Tanzanian officials have dismissed claims Chinese diplomatic and military staff have purchased illegal white ivory while on official visits to East Africa made by an environmental activist group.
The country's foreign minister said the report by the UK-based Environmental Investigation Agency (EIA) was a "fabrication" designed to upset growing ties between Tanzania and China.
"We should ask ourselves as to why these allegations are surfacing a few days before (Tanzanian) president Jakaya Kikwete's visit to China," foreign minister Bernard Membe told parliament.
"These are mere fabrications.
"It is obvious that perpetrators of these allegations are people who do not wish to see our country attain development.
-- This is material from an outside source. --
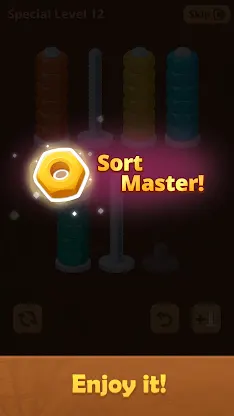 Nut Sort Puzzle: Sorting Games screenshot 5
"The false reports were made out of jealousy seeing that Tanzania enjoys cordial relations with China."
The minister asserted that the two countries have been sharing intelligence reports which have enabled numerous interceptions of ivory destined for China from Tanzania.
"China is doing a lot to help us solve this wildlife-threatening crime," Tanzania's tourism minister Lazaro Nyalandu said.
"It is easy to see how cooked-up the report is, because saying that the Chinese president's plane was used to carry tusks is illogical.
"Such crafts are usually heavily guarded and surrounded by hundreds of people, leaving no room for any foul play."
Embassy staff ivory 'major buyers' since 2006According to the EIA, when Chinese president Xi Jinping visited Tanzania in March 2013 members of his government and business delegation bought so much ivory that local prices doubled.
The group quoted ivory traders as saying the buyers took advantage of a lack of security checks for diplomatic visitors to smuggle their purchases back to China on Xi's plane.
The report said similar sales were made on a previous trip by China's former president Hu Jintao and Chinese embassy staff have been "major buyers" since at least 2006.
Chinese foreign ministry spokesman Hong Lei also described the report as "groundless".
Tens of thousands of elephants are estimated to be slaughtered in Africa each year to feed rising Asian demand for ivory products.
Reports said the demand comes mostly from China - the continent's biggest trading partner.
Almost all ivory sales were banned in 1989 by the Convention on International Trade in Endangered Species of Wild Fauna and Flora to which both China and Tanzania are signatories.